都心から中央高速道で2時間、さらに下道で1時間以上。仕事を辞め、都心から逃れるため祖父の家にやってきた主人公の多岐川優。そこは殆どが老人の、まさに限界集落と呼ぶにふさわしいド田舎…。田舎の風習と現実に戸惑いつつも、ふとしたことから集落存続のために動き出すことに…。
限界集落とは、65歳以上の高齢者が50%以上となり、冠婚葬祭等の社会的共同生活の維持が困難である状態(Wikipediaより)。
こんな環境の中、集落生き残りのために集落営農を掲げ、効率化と収益の改善を始めた優。当然のように変化を受け入れない抵抗勢力、自治体との確執、そして恋愛…。やがて経営は軌道に乗るが、とんでもない事件が待っていて…。

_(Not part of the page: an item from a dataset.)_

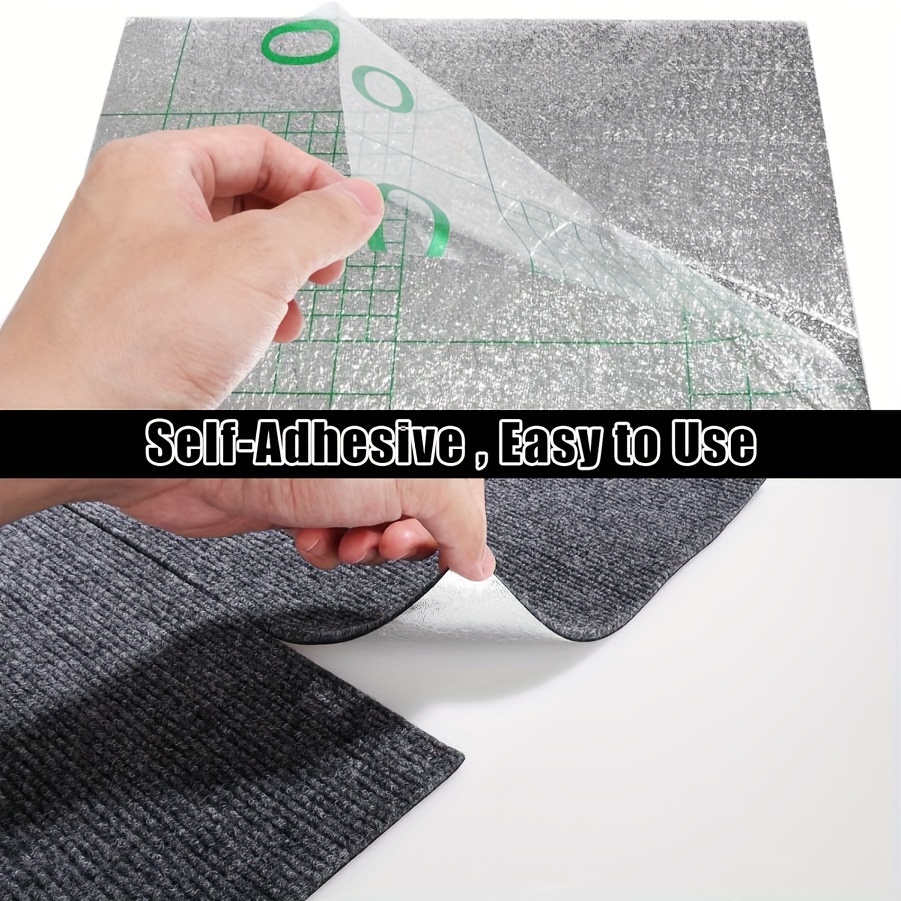 30X30cm Self-adhesive Anti Sli - Home Textiles Rug recension och pris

と、読み物としてはいろいろな要素が盛り込まれ、ストーリー展開も良く大変楽しめる内容になっていると思います。個人的には中央道で2時間、そこからさらに1時間ということで山梨県、しかも南部のほうか! と勝手に舞台を具体的に決めて一人盛り上がって読み進めておりましたw。
舞台設定の巧さもさることながら、本書の一番の魅力は、個性豊かな登場人物にあるように感じます。主人公の優は実は優秀なファンドマネージャー、どことなく影のある正登、あかねに代表される農業研修生の面々、そして頑固な正登の娘、美穂。あれっ、限界集落たるべき(?)ご老人があまり出てきませんねw。そうです、主役はあくまで若年世代です。限界集落の存続には、継続的な若年世代の流入が不可欠なのですから、納得出来る話です。

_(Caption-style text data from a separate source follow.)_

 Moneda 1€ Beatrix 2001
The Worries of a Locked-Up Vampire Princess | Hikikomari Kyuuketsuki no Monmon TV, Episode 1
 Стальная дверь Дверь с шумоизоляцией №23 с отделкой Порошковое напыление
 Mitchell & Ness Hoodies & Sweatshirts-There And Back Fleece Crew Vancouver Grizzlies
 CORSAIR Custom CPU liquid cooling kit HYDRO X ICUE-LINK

しかし老人達も、集落に活気が出てきたことで活き活きと変化していく様子が随所に描かれ、地域活性化には経済的な面のみならず、精神面での充実が必要であることを認識させられます。
私自身、市町村合併により広大な面積となった自治体の(どちらかと言えば)中心部に住んでおり、この辺りの事情は何と無く分かるのですが、実経験から考えるとここまで都合良く農作物が売れるか?、とか、優の完全無欠な完璧さが鼻につくよな?、等ケチをつけたくなる部分も有るわけですが、まあ小説ですからw。あくまで読み物として考えれば、コンパクトシティ構想、ゆるキャラ(?)によるイメージ戦略等、トレンドもきっちりと押さえられており総じて良く出来た小説であるように感じました。